Now, the cold felt like stinging warmth.

To an almost suffocating extent, they felt warm. Or, at the very least, something akin to a single flicker from a lighter, a second-long flame in the middle of an otherwise frigid autumn.

They didn't feel safe, necessarily, that word was reserved for how his voice sounding.

Regardless, they felt like previously alien heat, contrasting yet overlapping with feelings brought upon him by the writer standing next to him.

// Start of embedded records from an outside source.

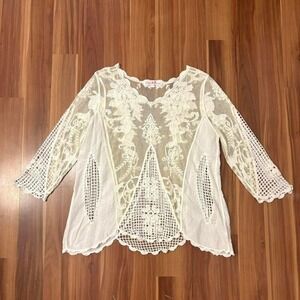 unique white lace top with lace patchwork pretty angel size medium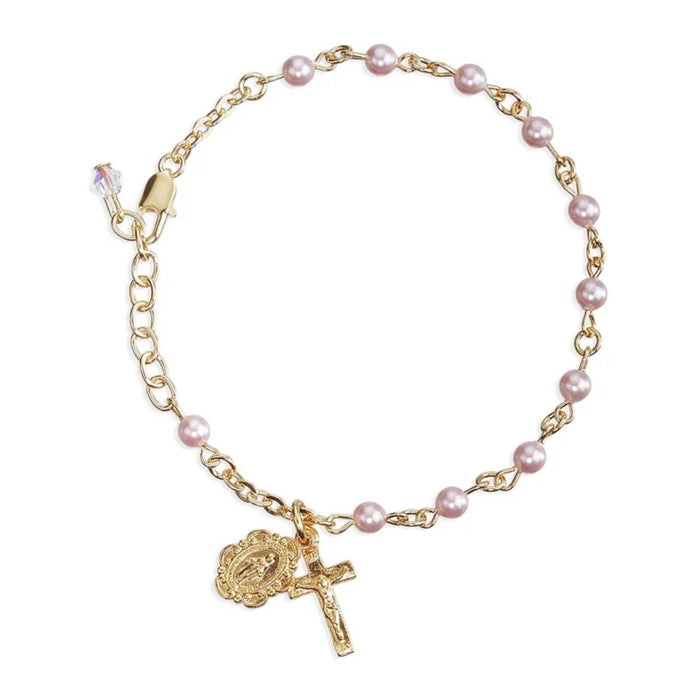 Child Rosary Bracelet 4mm Pink Imitation Pearl Gold Plated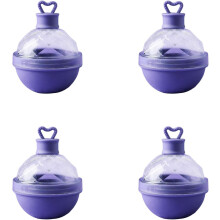 (Purple, -) 4 Καλούπια Πάγου, Σιλικόνη, Σφαιρικά, Με Καπάκι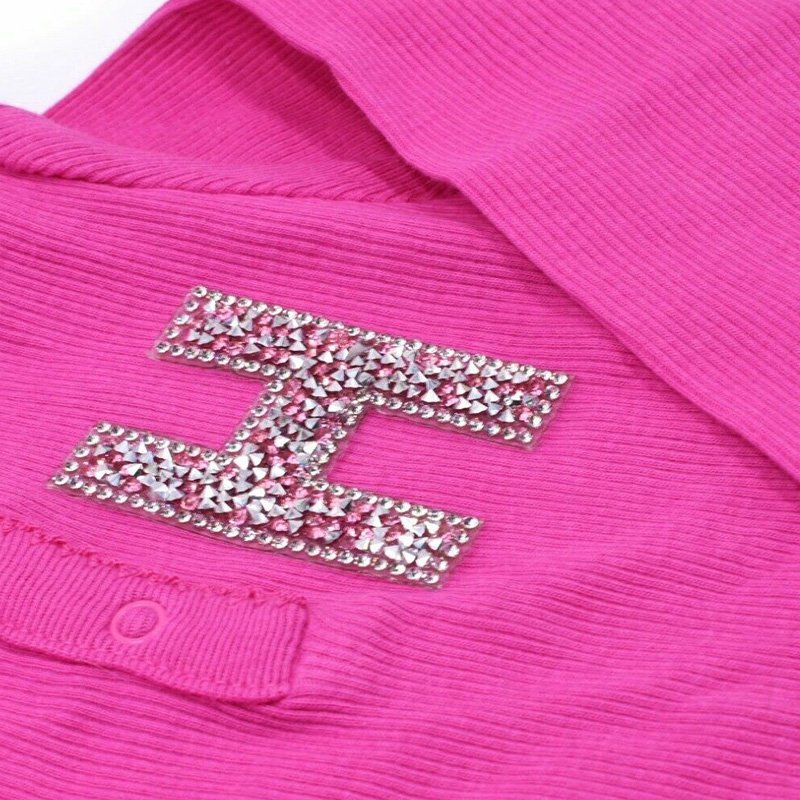 Wholesale Custom Factory Price Large Pink Rhinestone Sparkle Letter Patch Patches Iron on Alphabet Embroidery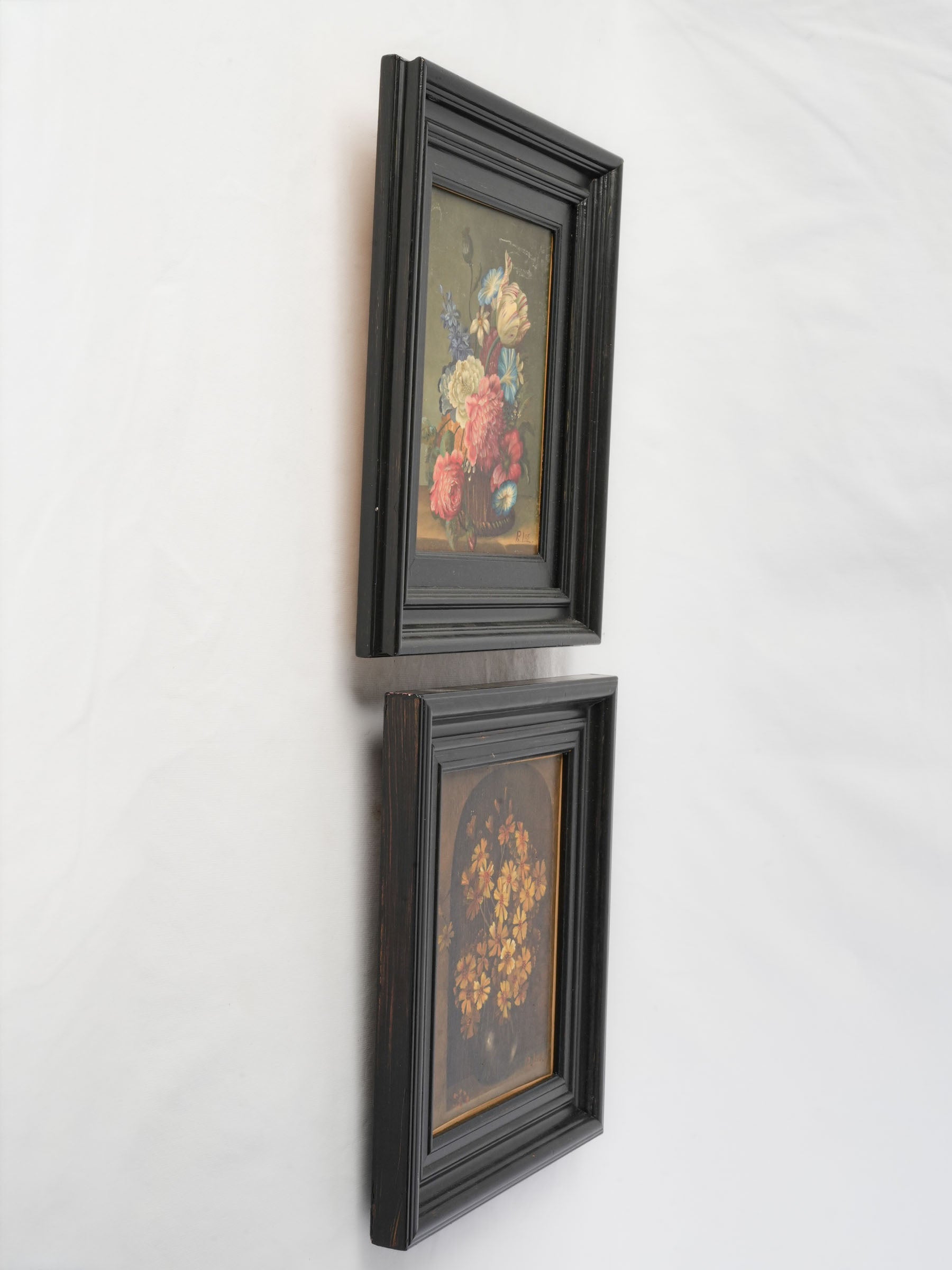Pair of Petite Contemporary Flemish-Inspired Floral Still Lifes - 16¼" x 13¾"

His temporary partner.

Thinking wasn't what he'd do within the hour or so he'd stand there, waiting, but he was content.

He was content with this.

"Do you remember what songs we're doing?" Toya spoke again, for the first time in what the other estimated to be around seven or eight minutes.
"Obviously. I'm not going into this blind," he said with a slight grin, a sense of something akin to arrogance overcoming him momentarily.

Instead of a response, Toya, expectedly, only gave a smirk, unconsciously inching towards the ginger.

"What's that look for? Quit staring at me like that." The prior confidence dispersed, instead becoming feigned annoyance. "It's not like I'd just forget that kind of stuff. I wouldn't just screw over some event 'cause of that."
"I know."
"Then why the hell are you asking me?"